Data supplied below:

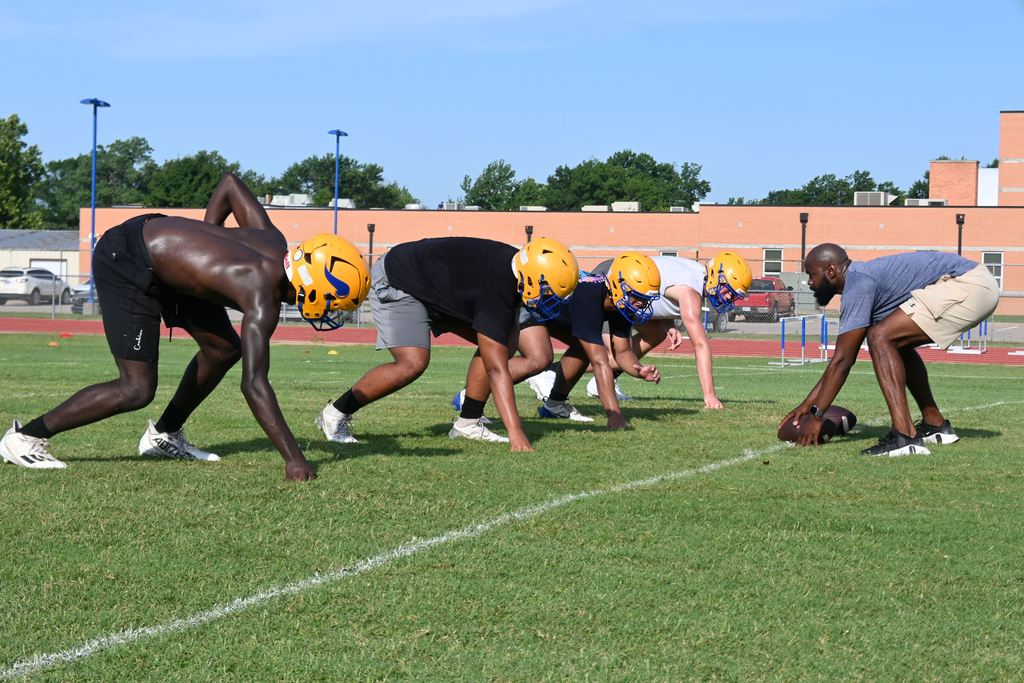 Players run drills.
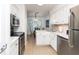 Bright kitchen featuring white cabinetry and stainless steel appliances at 5504 Green Dolphin Way, Kiawah Island, SC 29455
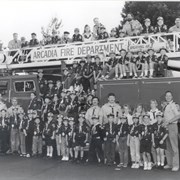 Large group of unidentified Arcadia Cub Scouts from Troop 111 shown in front of an Arcadia fire engine.  There are several adult leaders and Arcadia firefighters with the group.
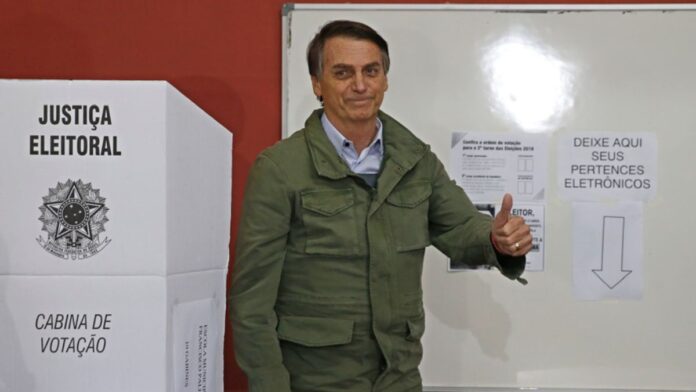 Jair Bolsonaro com jaqueta verde-oliva faz sinal de positivo ao lado da cabine de votação da Justiça Eleitoral.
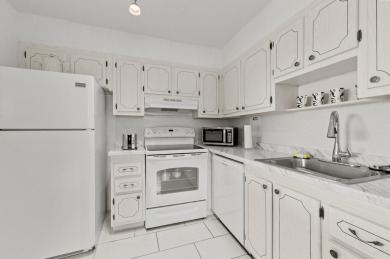Enjoy lush garden and golf course views from this inviting on Kings Point Golf - Executive in Florida - for sale on GolfHomes.com, golf home, golf lot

End of Data supplied.

## Your assignment
Your answer should be every entry repeated exactly, minus the pictures.

## Result of the task
 Players run drills.
 Bright kitchen featuring white cabinetry and stainless steel appliances at 5504 Green Dolphin Way, Kiawah Island, SC 29455
 Large group of unidentified Arcadia Cub Scouts from Troop 111 shown in front of an Arcadia fire engine.  There are several adult leaders and Arcadia firefighters with the group.
 Jair Bolsonaro com jaqueta verde-oliva faz sinal de positivo ao lado da cabine de votação da Justiça Eleitoral.
Enjoy lush garden and golf course views from this inviting on Kings Point Golf - Executive in Florida - for sale on GolfHomes.com, golf home, golf lot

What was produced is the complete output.